## About this exercise
When you find the line with "classroom with desk" among the records below, reproduce it and each line after it exactly, ending with the line with "Lampes suspendues modernes".

## Source data
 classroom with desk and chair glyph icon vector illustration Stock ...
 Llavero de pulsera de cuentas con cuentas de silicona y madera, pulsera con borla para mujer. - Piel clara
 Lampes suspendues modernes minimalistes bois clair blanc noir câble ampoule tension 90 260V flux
==
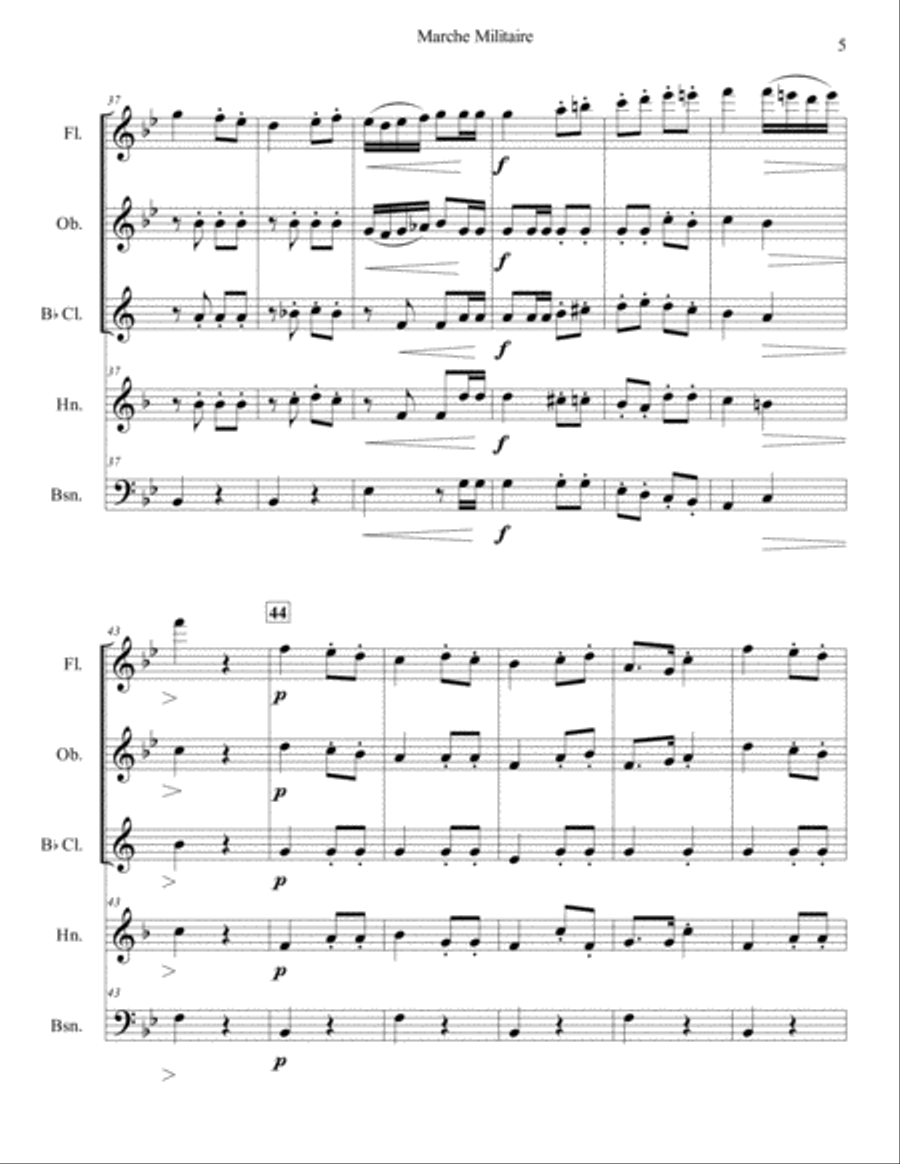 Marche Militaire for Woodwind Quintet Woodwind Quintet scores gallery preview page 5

## Solution to this exercise
 classroom with desk and chair glyph icon vector illustration Stock ...
 Llavero de pulsera de cuentas con cuentas de silicona y madera, pulsera con borla para mujer. - Piel clara
 Lampes suspendues modernes minimalistes bois clair blanc noir câble ampoule tension 90 260V flux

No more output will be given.